God is Still Good

This week’s devotion is written by Emily, a student at Pepperdine University.  This devotion was offered by one of our church staff members yesterday at our all-staff meeting.  It came to us through an extended family member who is Emily’s teacher.

Yesterday was the one-month mark. Almost exactly a month ago I was trapped in a shooting at Borderline Bar and Grill. One week later, I found out my home burned down in the Woolsey Fire. I lost my shelter and my sense of safety all in the course of one week. However, through it all, one phrase has continued to replay in my mind over and over again: God is still good.

I have spent a lot of time recently thinking about what it means that God is good. Over the course of the last month, my view of God’s goodness has been deeply challenged. Before Borderline, I believed that God was good because my life was good. This was not something I had ever admitted and it was a view I would have surely denied if someone accused me of that way of thinking. But as I reflect, I realize that it is true. I believed God was good because my life was good.

Before Borderline I had never experienced anything truly earth-shattering. I had had minor hardships such as drama between friends or difficult classes, and I have struggled with depression for most of my life; but before Borderline, I had never had a single event (or in my case, 2 events) that absolutely wrecked my world. I was able to see God as good and just and comforting and sovereign because those aspects of God had never been challenged in my life. Things had always been good. I had always seen justice. I had always had comfort. And because of that, I had always trusted that God was in control.

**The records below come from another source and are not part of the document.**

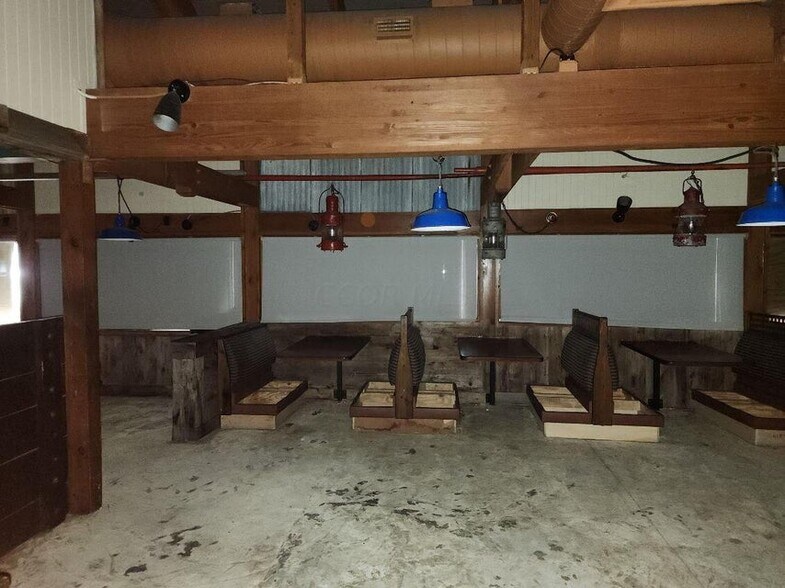 More Photos Of 1691 E Dublin Granville Rd, Columbus Restaurant For Sale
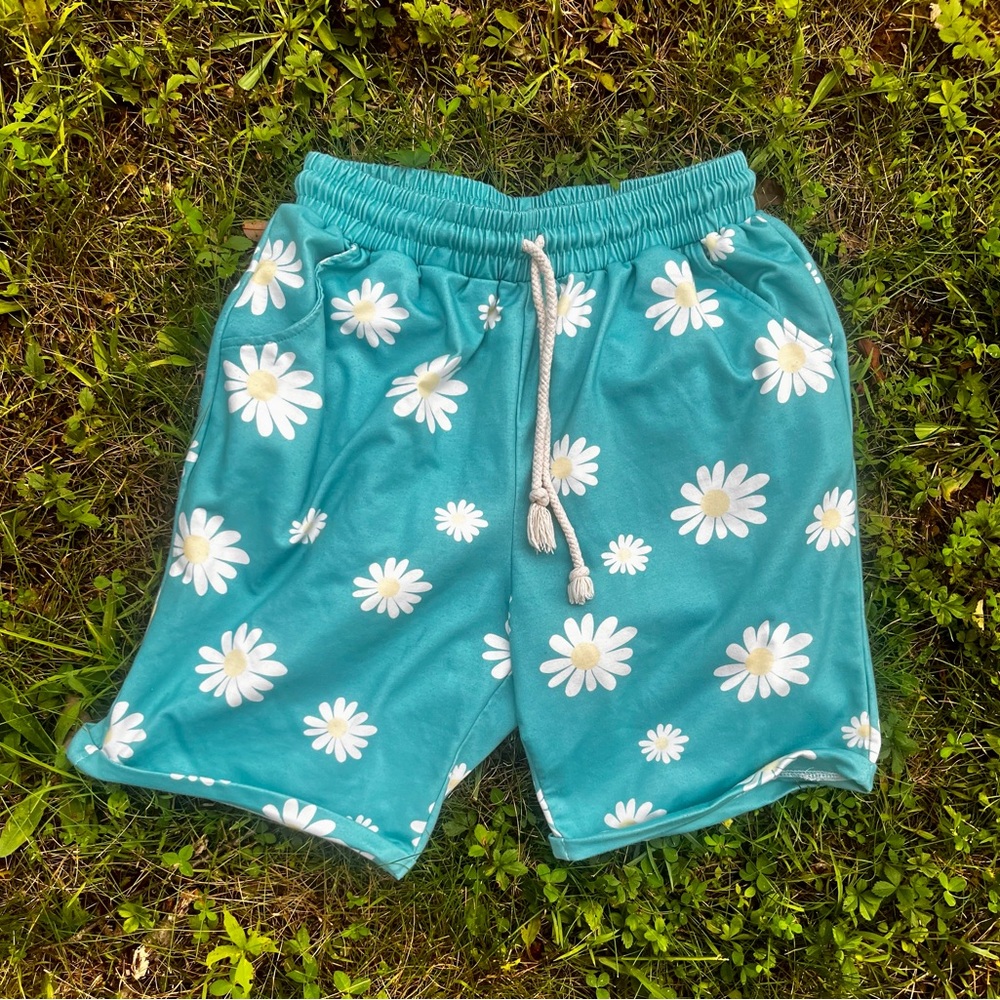 MISSLOOK WOMENS LARGE DAISY SHORTS W DRAWSTRING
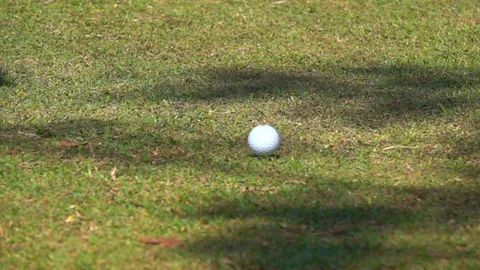 Slow motion golfer hitting golf ball on tee in golf course, tee off action shot 库存影片 120585835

Well, in the span of one week my sense of safety and my sense of comfort were completely taken away and I no longer saw God as any of those things. I was angry. I was angry at God and I was angry at the world. Why was having to go through all of these tragedies? Even one would have been hard enough, but two? The most repeated verse in my mind in the first days after the fire was “My God, my God, why have you forsaken me?” (Psalm 22:1). I felt forsaken, broken, and alone. I didn’t understand how He could let me go through such hardships. However, those feelings did not change the truth: God is still good.

God is good even when my life is not. At my high school graduation, my friend Abbey Johnson gave a beautiful speech where she said something along the lines of “I always used to hear people say that God has a plan for my life. I always thought that His plan was to make me happy in the end. But how selfish is that? God doesn’t have a plan for my life. He has a plan for the world and I am lucky enough to fit into that plan.” Sadly, there are terrible things happening in the world every day. Just because something bad recently happened to me does not change the fact that God has always been good and He will always be good. It is so incredibly selfish of me to think that just because I, one person out of the seven and a half billion people on this earth, had to face something challenging, God is no longer good.

Instead of questioning God’s goodness, I began looking for evidence of his goodness in the world around me. I made it out of Borderline safely with no physical injuries. God is good. The day after Borderline I received almost 200 texts/calls from people checking in on me and telling me how loved I was. God is good. The two most sentimental items I own made it out of the fire. God is good. I had nine different people offer to let me live with them after the fire. God is good. I go to a University that truly cares about its students and has gone above and beyond to care for the 70+ students who have lost their homes. God is good. Once I started looking, I had a hard time not finding evidence of God’s goodness in every situation I’ve been through.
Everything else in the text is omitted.